* EXERCISE INSTRUCTIONS
From top to bottom, print the listing word for word and skip any pictures it contains.

* STORED DATA
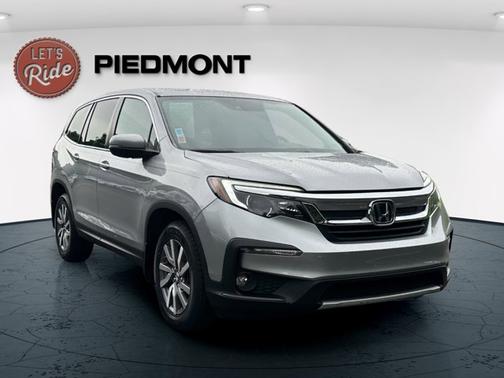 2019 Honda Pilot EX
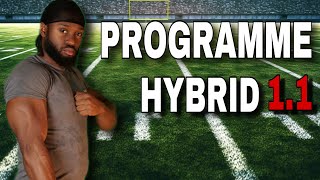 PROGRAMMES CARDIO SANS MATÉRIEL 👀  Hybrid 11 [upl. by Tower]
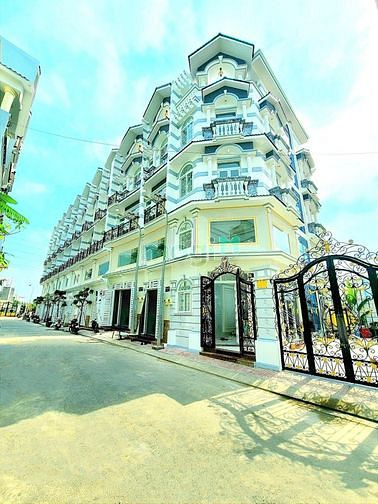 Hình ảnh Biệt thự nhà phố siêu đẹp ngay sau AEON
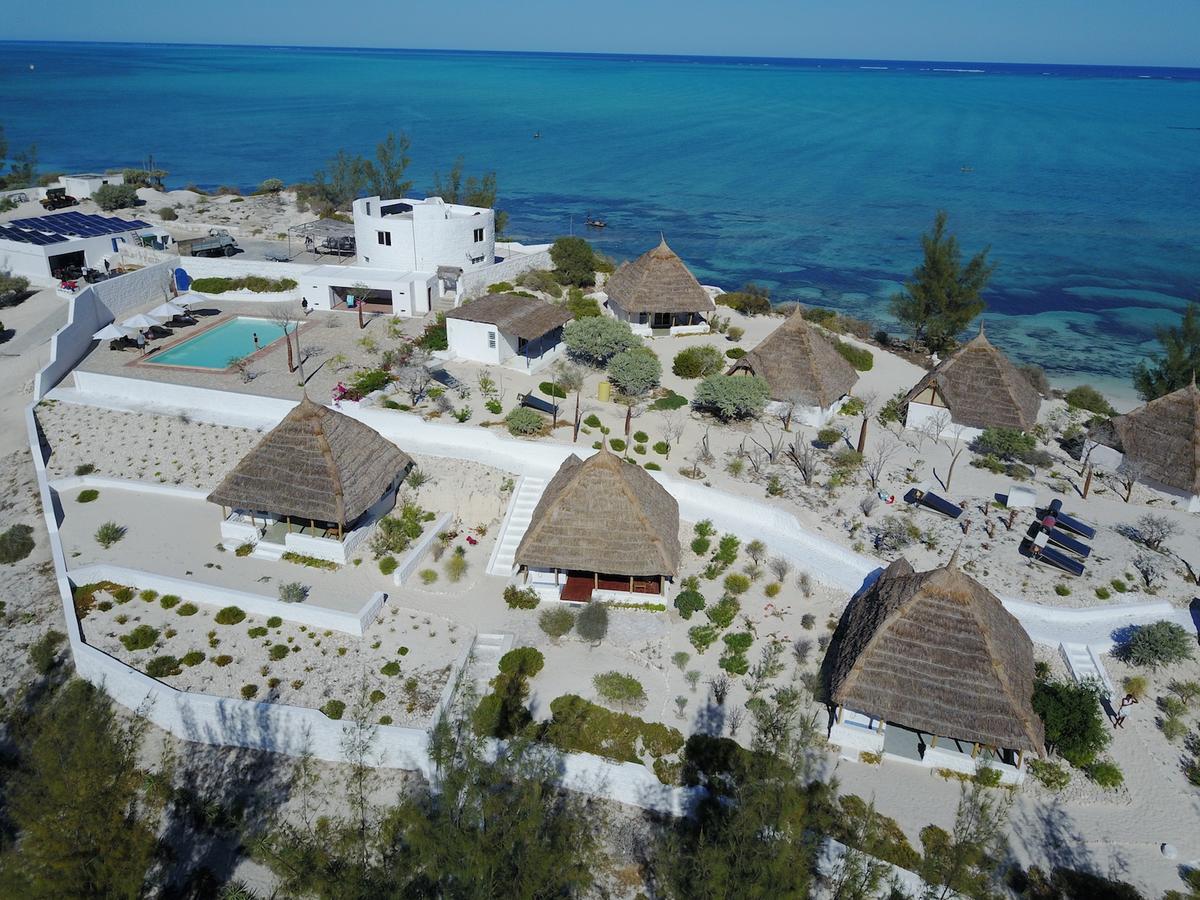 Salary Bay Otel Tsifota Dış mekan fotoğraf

* SOLUTION TO THIS EXERCISE
 2019 Honda Pilot EX
 PROGRAMMES CARDIO SANS MATÉRIEL 👀  Hybrid 11 [upl. by Tower]
 Hình ảnh Biệt thự nhà phố siêu đẹp ngay sau AEON
 Salary Bay Otel Tsifota Dış mekan fotoğraf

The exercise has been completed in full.